So now when I think back on that time, I realize that it just gave me so much strength in my life, because I didn’t think anything about walking five miles down a dirt road in the pitch dark at night, and without a flashlight, in the pouring rain. But during that time, I was really involved with a kind of grassroots environmentalism and then when I returned to the Bay Area, I came and worked for Resource Renewal. And I was there during the time when we worked on Water Heritage Trust, for example. Not just trying to save land somewhere, but trying to save the water for the animals that were on the land and trying to raise consciousness about the environment everywhere. I ended up going back to school and getting a Masters degree in comparative literature and that brought me to Europe, which was another step along my way and traveled to Russia and all of Scandinavia. I was looking for my Scandinavian roots there. And that kind of informed my master’s work, which was basically on European modernist literature; so looking at people during the time of war.
Huey Johnson: You’ve seen a lot of diverse, wild landscape. Can you give me reflections on the meaning of wilderness to you? You mentioned you lived in the wilderness for 15 years.
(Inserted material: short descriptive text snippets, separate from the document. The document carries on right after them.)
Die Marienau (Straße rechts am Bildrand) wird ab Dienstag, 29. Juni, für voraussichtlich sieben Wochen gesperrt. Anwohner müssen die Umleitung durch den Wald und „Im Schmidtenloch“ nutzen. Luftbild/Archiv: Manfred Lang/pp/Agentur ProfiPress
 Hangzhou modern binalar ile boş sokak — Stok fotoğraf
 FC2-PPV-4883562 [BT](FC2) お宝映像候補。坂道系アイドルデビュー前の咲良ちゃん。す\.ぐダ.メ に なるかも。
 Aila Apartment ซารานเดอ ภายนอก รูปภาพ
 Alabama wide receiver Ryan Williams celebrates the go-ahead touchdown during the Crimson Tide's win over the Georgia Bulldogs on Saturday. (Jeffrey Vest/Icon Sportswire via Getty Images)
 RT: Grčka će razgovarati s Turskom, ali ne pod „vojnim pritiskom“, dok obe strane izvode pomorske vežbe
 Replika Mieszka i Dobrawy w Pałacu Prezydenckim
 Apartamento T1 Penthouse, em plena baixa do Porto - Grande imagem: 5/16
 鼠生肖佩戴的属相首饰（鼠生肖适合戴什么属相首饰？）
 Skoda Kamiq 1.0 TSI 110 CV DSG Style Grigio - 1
Marlene Broemer: Oh, well, what I thought was wilderness here in America is not the same as some of the wilderness I’ve seen, say in Siberia or even in northern Finland. And I haven’t been as far north in Norway, but I’ve been in the Arctic in Finland and that – it’s another, it’s a totally different landscape. It’s totally dependent on…people are dependent on nature there and they have to live with nature or they don’t survive. And they’ve always just have a respect for nature and nature is part of life. It’s not something that’s separate from life. And they have the national epic, the Kalevala that shows all the ways that people are part of life, how the swans in the lakes and the birds in the trees all live together. That’s the way it should be.
Living here in Oregon, I have a little bit different perspective because the outdoors is so important here. It’s the number one concern of everyone from children all the way up through retired people. But when I hear about things that are happening in other parts of the country, I’m a little bit more worried because maybe the environment is already so degraded that people don’t know, you know, how to even restore it. And then I also think about the urban environment and the bankruptcy of Detroit and the decay of an urban resource like a great city like Detroit. It really concerns me. I think it’s a lack of attention to our surroundings. We shouldn’t lose cities and we shouldn’t lose forests. We should be preserving or maintaining all of our habitats.